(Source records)
###

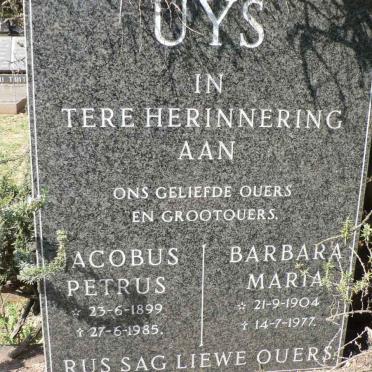 UYS Jacobus Petrus 1899-1985 &amp; Barbara Maria 1904-1977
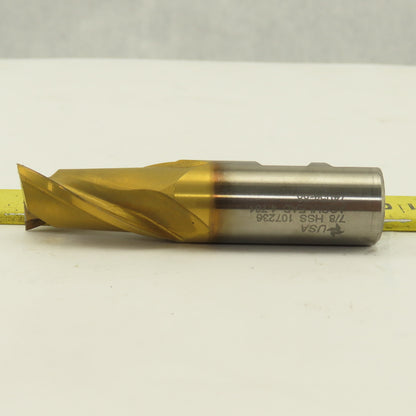 Fast Cut 107236 7/8" Single End 2 Flute End Mill TiN Coated Acculead  4.761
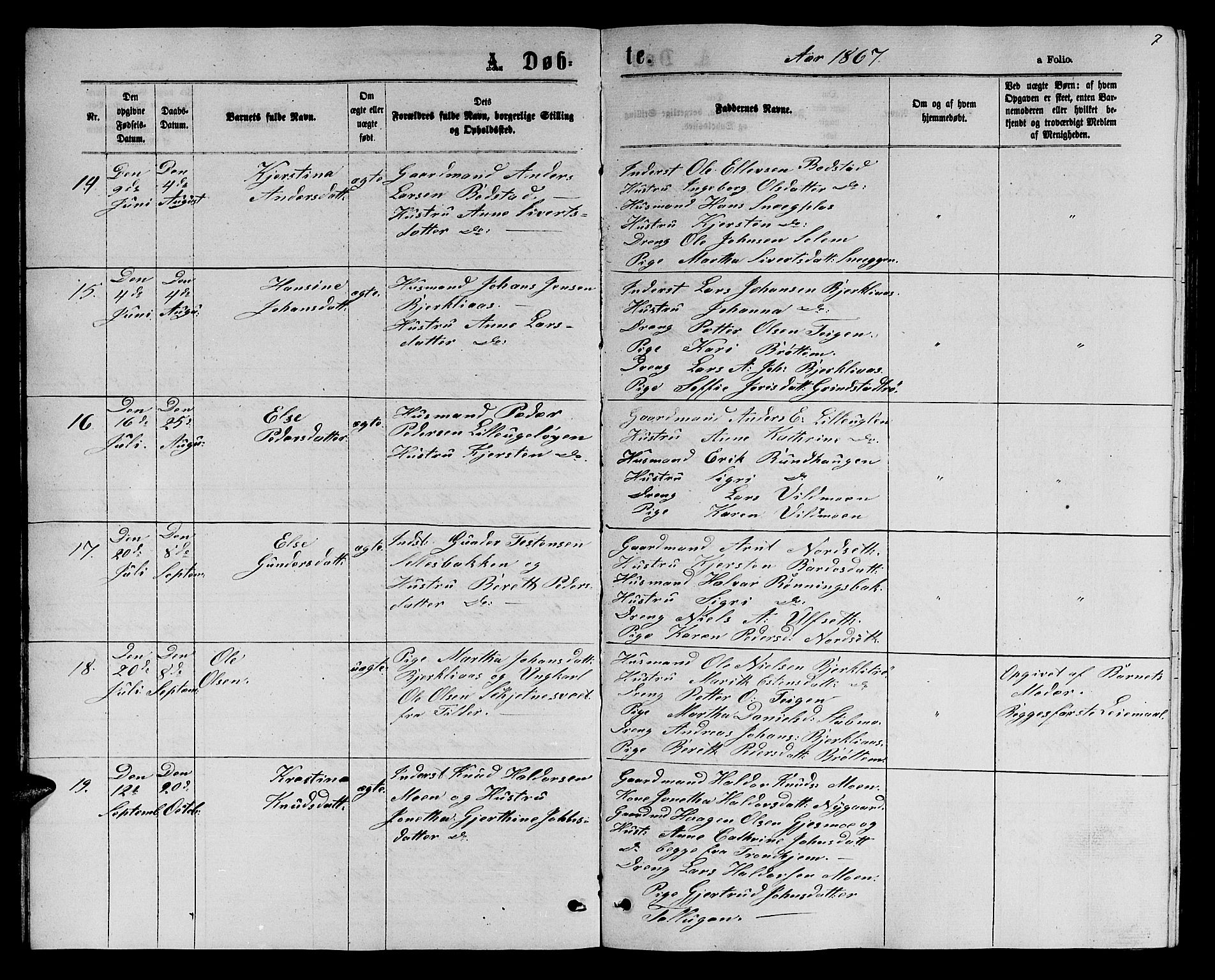 Ministerialprotokoller, klokkerbøker og fødselsregistre - Sør-Trøndelag, SAT/A-1456/618/L0451: Klokkerbok nr. 618C02, 1865-1883, s. 7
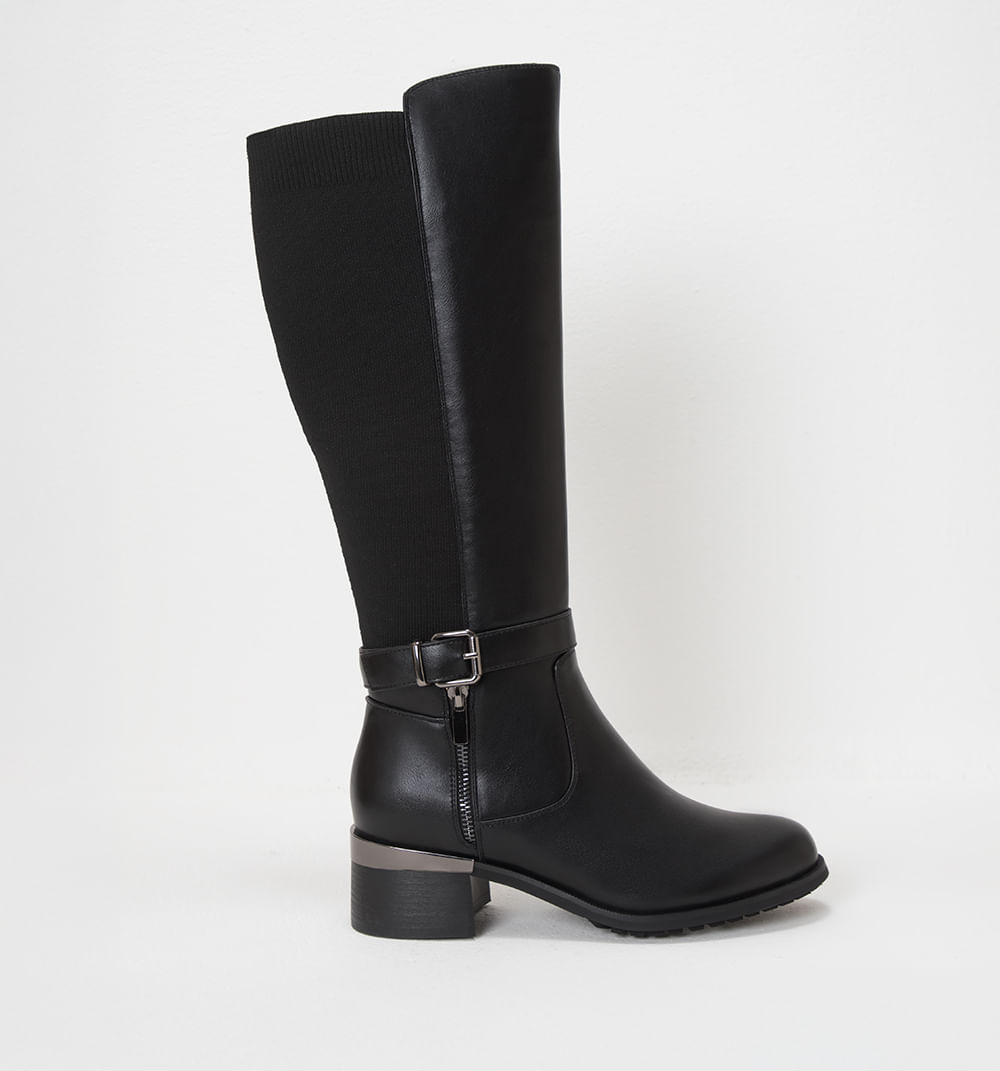 Bota cana alta con elastico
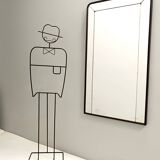 Art Deco Rectangular Wall Mirror with Black Beech Frame, Italy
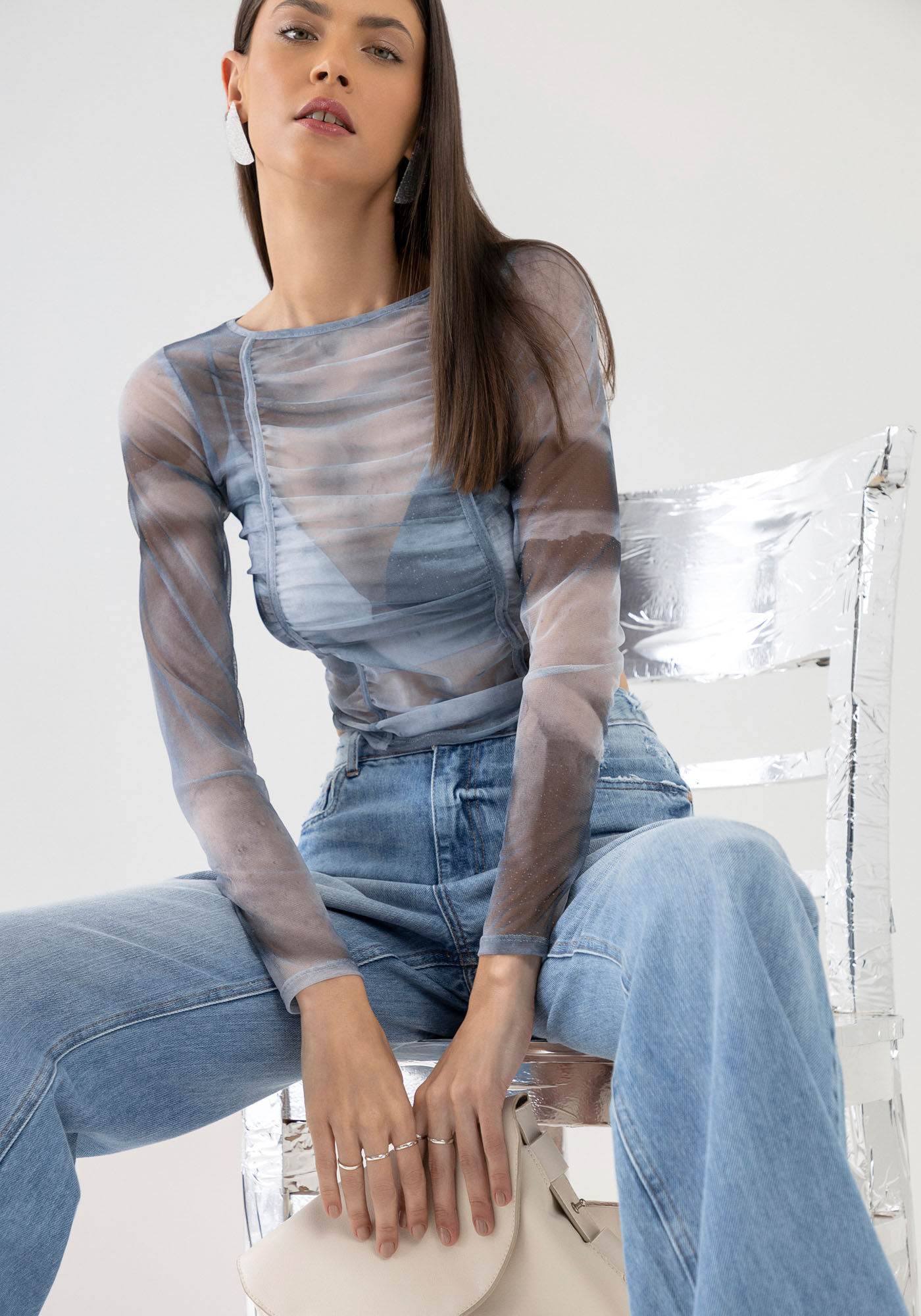 Blusa de tule com saia jeans 2025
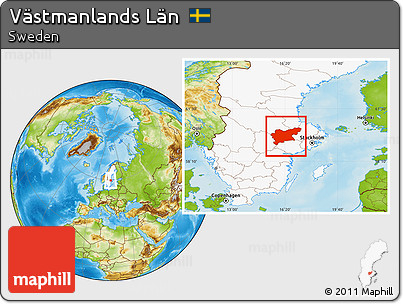 Physical Location Map of Västmanlands Län, highlighted country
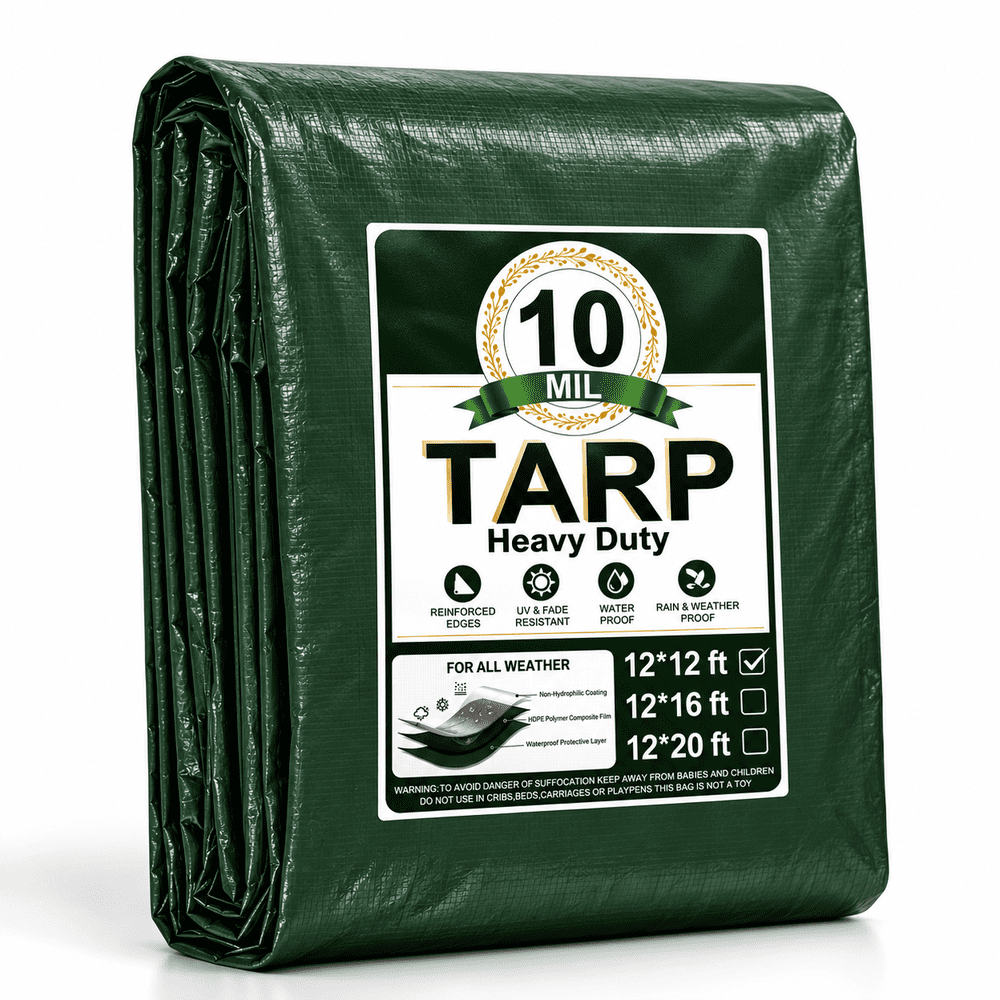 Henotian 12x12-Foot Heavy Duty Tarp: $22.49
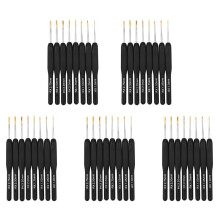 40Pcs Black Knitting Needles Plastic Handle Crochet Hooks for Knit DIY Loom Tool Weaving Kit Braid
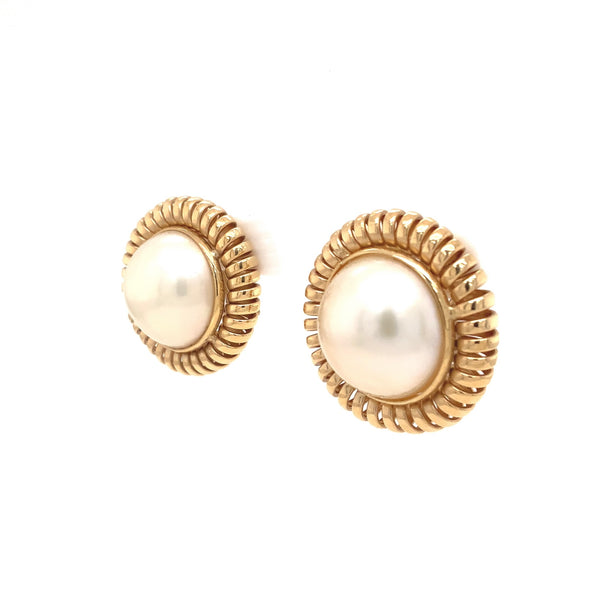 vintage mabe pearl 14 kt yellow gold earrings with omega clip backs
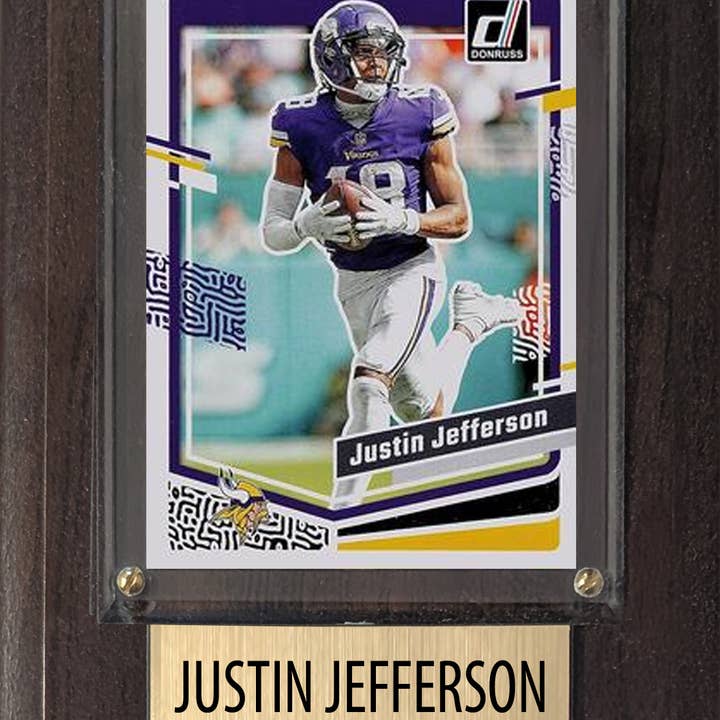 Justin Jefferson Minnesota Vikings 2025 2024 Donruss Score Prizm 4x6 Gift Plaque for wholesale by C And I Collectables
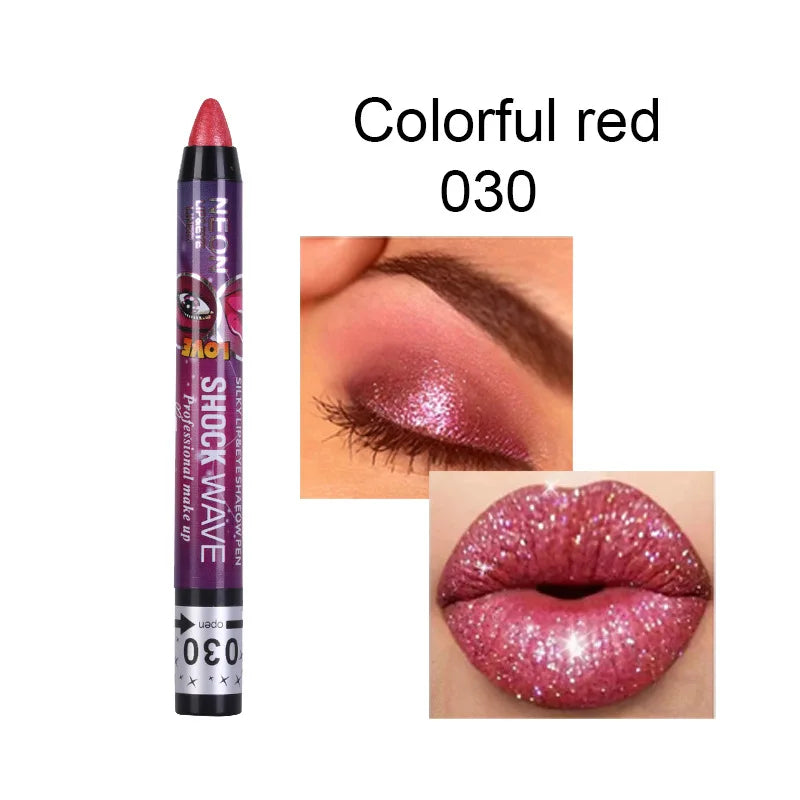 2 In 1 Eyeshadow Lipstick Stick Pencil
Waterproof Glitter Matte Eye Shadow Makeup Pigment Eyeshadow Pen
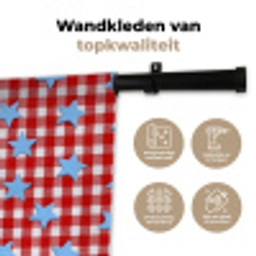 Ruit - Sterren - Rood Wandkleed katoen klein 269 -sfeer2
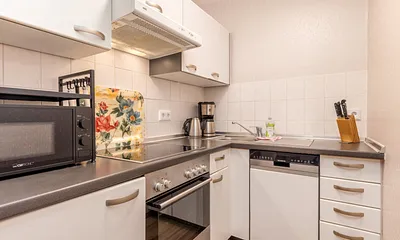 ...mit Geschirrspüler, Backofen, Mikrowelle, Ceranfeld, Kühlschrank mit Gefrierfach etc.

###

EXERCISE DESCRIPTION:
All lines above starting at the one with "Ministerialprotokoller, klokkerbøker og" and ending at the one with "Justin Jefferson Minnesota", inclusive, are to be printed again exactly, with the pictures left out.

WRITTEN SOLUTION:
 Ministerialprotokoller, klokkerbøker og fødselsregistre - Sør-Trøndelag, SAT/A-1456/618/L0451: Klokkerbok nr. 618C02, 1865-1883, s. 7
 Bota cana alta con elastico
 Art Deco Rectangular Wall Mirror with Black Beech Frame, Italy
 Blusa de tule com saia jeans 2025
 Physical Location Map of Västmanlands Län, highlighted country
 Henotian 12x12-Foot Heavy Duty Tarp: $22.49
 40Pcs Black Knitting Needles Plastic Handle Crochet Hooks for Knit DIY Loom Tool Weaving Kit Braid
 vintage mabe pearl 14 kt yellow gold earrings with omega clip backs
 Justin Jefferson Minnesota Vikings 2025 2024 Donruss Score Prizm 4x6 Gift Plaque for wholesale by C And I Collectables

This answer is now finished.